= Maria Petrova (economist) =

Russian economist

Maria Alexeevna Petrova is a Russian economist who works in Spain as a research professor at the Institute for Political Economy of the Catalan Institution for Research and Advanced Studies, as an affiliated professor with the Barcelona School of Economics, and as an associate professor at Pompeu Fabra University. Her research in applied microeconomics and media economics examines the effects of media and information flow on economics and politics.

==Education and career==
Petrova graduated from Moscow State University in 2002 with a diploma in applied mathematics (the Russian equivalent of a master's degree). She earned a master's degree in economics in 2004 from the New Economic School in Moscow, and then went to the Harvard Kennedy School for doctoral study in political economy and government, completing her Ph.D. in 2008. Her dissertation, Political Economy of Media Capture, was supervised by Kenneth Shepsle.

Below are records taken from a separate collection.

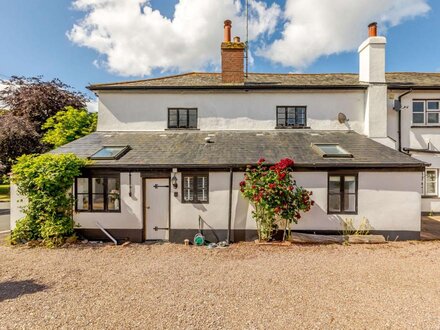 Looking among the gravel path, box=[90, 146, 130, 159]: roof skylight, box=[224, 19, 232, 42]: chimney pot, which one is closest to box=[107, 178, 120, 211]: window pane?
box=[90, 146, 130, 159]: roof skylight

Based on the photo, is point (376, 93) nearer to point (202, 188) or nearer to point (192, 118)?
point (192, 118)

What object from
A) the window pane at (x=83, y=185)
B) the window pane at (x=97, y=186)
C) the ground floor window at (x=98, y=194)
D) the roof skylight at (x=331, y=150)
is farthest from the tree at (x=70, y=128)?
the roof skylight at (x=331, y=150)

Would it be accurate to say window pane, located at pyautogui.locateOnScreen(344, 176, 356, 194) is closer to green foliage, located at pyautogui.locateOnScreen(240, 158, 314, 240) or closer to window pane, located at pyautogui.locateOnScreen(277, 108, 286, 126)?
green foliage, located at pyautogui.locateOnScreen(240, 158, 314, 240)

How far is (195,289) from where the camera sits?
573 centimetres

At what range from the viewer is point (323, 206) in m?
9.20

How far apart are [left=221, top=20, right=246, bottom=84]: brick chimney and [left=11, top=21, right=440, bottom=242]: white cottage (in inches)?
2.3

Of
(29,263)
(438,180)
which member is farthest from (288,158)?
(438,180)

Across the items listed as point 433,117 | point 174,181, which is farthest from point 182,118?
point 433,117

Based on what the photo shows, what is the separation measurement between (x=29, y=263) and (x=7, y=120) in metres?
17.0

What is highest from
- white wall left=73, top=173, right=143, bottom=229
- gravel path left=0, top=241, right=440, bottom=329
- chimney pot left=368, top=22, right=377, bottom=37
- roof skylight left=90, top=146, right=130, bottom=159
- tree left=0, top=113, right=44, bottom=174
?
chimney pot left=368, top=22, right=377, bottom=37

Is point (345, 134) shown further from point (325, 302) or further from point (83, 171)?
point (83, 171)

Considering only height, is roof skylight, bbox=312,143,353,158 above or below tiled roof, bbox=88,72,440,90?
below

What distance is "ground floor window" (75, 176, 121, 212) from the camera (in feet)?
30.9

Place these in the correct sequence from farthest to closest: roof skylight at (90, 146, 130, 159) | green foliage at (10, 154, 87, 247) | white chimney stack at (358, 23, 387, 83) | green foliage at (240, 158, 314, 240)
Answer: white chimney stack at (358, 23, 387, 83)
roof skylight at (90, 146, 130, 159)
green foliage at (10, 154, 87, 247)
green foliage at (240, 158, 314, 240) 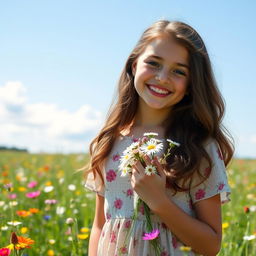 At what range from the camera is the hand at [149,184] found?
1.92 metres

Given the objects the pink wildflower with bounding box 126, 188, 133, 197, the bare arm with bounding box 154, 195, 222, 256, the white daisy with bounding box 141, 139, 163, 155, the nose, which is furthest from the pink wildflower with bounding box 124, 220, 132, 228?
the nose

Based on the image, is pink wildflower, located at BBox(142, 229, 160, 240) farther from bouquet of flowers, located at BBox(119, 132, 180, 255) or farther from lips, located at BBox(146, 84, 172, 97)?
lips, located at BBox(146, 84, 172, 97)

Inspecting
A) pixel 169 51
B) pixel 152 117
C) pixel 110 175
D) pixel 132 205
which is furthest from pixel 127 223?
pixel 169 51

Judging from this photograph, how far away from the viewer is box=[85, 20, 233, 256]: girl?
204 centimetres

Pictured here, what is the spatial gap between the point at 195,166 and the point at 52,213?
82.4 inches

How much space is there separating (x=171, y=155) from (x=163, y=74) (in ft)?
1.02

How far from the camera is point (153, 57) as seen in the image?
88.4 inches

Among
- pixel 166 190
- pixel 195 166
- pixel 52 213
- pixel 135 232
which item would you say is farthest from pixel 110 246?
pixel 52 213

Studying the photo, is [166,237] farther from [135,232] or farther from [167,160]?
[167,160]

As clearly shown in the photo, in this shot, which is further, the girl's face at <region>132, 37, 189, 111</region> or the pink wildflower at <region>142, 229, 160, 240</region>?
the girl's face at <region>132, 37, 189, 111</region>

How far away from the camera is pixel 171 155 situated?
7.20ft

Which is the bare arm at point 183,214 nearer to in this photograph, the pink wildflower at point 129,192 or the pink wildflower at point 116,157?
the pink wildflower at point 129,192

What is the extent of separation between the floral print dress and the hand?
8 cm

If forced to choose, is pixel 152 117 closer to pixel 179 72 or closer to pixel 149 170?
pixel 179 72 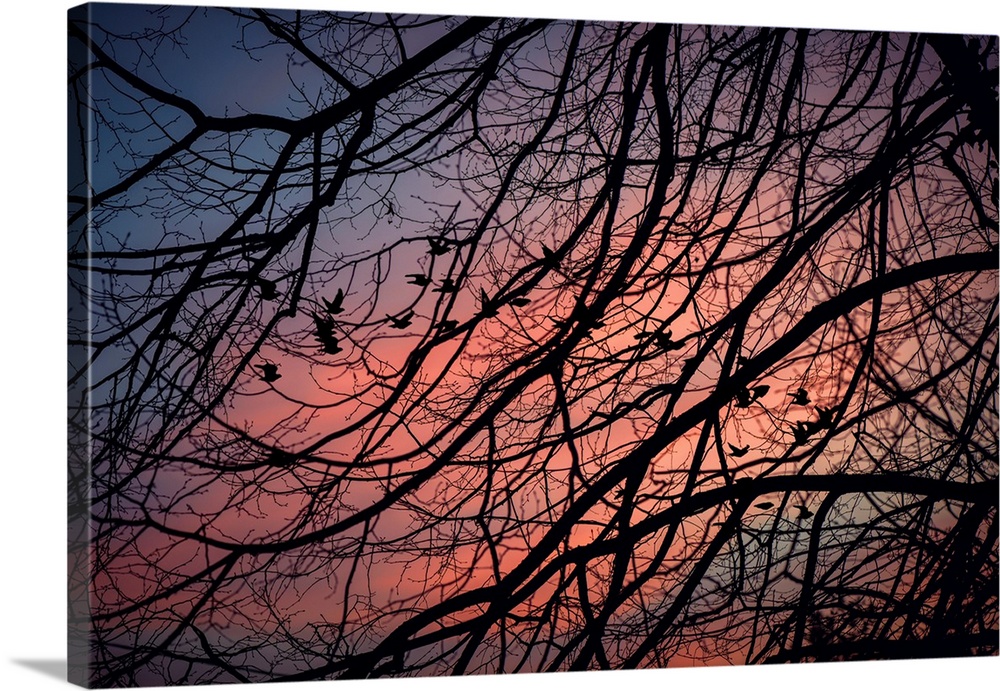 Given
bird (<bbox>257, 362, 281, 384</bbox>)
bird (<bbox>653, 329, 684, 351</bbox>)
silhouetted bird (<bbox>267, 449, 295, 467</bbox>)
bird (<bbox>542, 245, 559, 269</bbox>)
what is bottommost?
silhouetted bird (<bbox>267, 449, 295, 467</bbox>)

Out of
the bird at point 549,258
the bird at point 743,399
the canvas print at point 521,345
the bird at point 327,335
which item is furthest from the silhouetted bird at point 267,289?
the bird at point 743,399

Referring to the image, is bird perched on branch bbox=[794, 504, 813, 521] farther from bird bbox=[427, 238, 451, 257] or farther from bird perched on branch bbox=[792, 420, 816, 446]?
bird bbox=[427, 238, 451, 257]

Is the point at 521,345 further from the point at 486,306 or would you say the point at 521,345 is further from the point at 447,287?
the point at 447,287

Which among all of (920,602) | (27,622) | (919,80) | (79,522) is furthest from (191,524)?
(919,80)

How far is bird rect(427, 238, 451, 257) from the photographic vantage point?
5.68 m

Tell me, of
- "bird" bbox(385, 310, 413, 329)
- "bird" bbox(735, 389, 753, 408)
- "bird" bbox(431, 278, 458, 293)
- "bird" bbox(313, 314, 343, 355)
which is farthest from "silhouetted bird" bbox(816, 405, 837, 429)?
"bird" bbox(313, 314, 343, 355)

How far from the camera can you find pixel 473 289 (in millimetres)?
5727

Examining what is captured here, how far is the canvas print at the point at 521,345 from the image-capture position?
5445 mm

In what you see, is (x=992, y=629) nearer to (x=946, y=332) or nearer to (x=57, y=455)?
(x=946, y=332)

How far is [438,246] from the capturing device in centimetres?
569

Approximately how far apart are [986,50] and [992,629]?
2.41 meters

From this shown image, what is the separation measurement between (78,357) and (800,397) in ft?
9.04

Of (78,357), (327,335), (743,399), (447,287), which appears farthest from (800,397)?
(78,357)

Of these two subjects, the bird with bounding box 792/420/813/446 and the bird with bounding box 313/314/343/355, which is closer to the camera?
the bird with bounding box 313/314/343/355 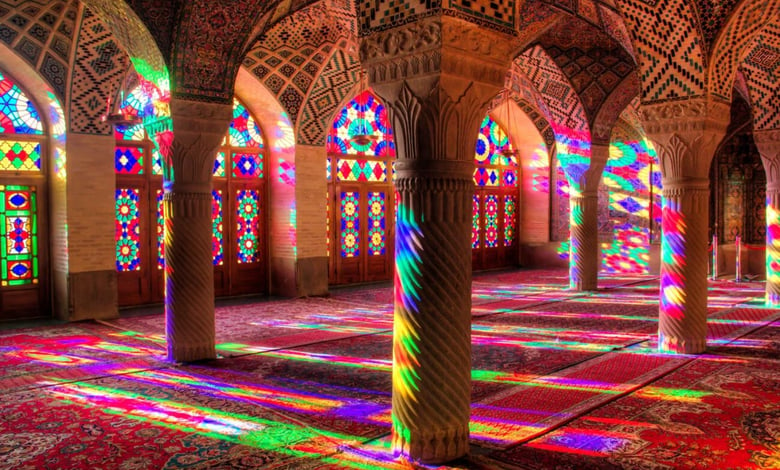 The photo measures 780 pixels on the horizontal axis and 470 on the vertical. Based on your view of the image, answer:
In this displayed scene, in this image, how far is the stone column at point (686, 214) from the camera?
6.47 metres

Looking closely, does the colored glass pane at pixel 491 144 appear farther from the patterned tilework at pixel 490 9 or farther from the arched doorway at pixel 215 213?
the patterned tilework at pixel 490 9

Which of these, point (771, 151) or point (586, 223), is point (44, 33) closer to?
point (586, 223)

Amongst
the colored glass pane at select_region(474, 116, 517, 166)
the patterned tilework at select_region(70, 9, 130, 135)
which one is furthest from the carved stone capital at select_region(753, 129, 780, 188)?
the patterned tilework at select_region(70, 9, 130, 135)

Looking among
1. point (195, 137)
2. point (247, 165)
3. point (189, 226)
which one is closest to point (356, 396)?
point (189, 226)

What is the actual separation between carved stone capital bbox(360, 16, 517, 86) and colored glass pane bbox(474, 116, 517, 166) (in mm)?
11662

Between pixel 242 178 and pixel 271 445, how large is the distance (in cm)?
787

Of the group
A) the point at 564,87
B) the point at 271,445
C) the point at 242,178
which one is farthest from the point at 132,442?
the point at 564,87

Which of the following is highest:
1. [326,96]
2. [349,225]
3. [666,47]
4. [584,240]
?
[326,96]

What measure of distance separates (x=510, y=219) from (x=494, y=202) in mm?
825

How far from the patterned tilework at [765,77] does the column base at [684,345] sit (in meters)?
4.45

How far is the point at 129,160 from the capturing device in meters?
9.99

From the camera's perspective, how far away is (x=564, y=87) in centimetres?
1147

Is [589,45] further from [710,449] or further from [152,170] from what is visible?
[710,449]

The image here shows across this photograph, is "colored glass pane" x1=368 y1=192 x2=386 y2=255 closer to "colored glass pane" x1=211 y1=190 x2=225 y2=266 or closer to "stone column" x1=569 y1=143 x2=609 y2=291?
"colored glass pane" x1=211 y1=190 x2=225 y2=266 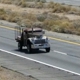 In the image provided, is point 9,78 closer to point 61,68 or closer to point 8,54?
point 61,68

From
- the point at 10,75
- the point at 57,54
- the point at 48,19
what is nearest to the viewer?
the point at 10,75

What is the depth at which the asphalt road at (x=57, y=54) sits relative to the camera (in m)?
22.5

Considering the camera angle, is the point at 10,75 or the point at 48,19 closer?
the point at 10,75

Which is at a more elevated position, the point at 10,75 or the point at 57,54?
the point at 10,75

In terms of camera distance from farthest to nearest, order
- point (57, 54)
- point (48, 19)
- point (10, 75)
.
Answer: point (48, 19)
point (57, 54)
point (10, 75)

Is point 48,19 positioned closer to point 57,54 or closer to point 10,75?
point 57,54

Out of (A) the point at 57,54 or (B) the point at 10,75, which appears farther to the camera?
(A) the point at 57,54

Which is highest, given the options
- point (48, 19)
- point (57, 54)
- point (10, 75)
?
point (10, 75)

She returned to the New Economic School as an assistant professor in 2008, becoming associate professor there and in 2012 directing the Center for New Media and Society. She moved to her present positions at the Catalan Institution for Research and Advanced Studies and Barcelona School of Economics in 2013. Initially a researcher at the Institute for Political Economy, she became ICREA Research Professor in 2013. She added a tenured associate professorship at Pompeu Fabra University in 2016.

==Recognition==
Petrova was elected as a Fellow of the Econometric Society in 2024.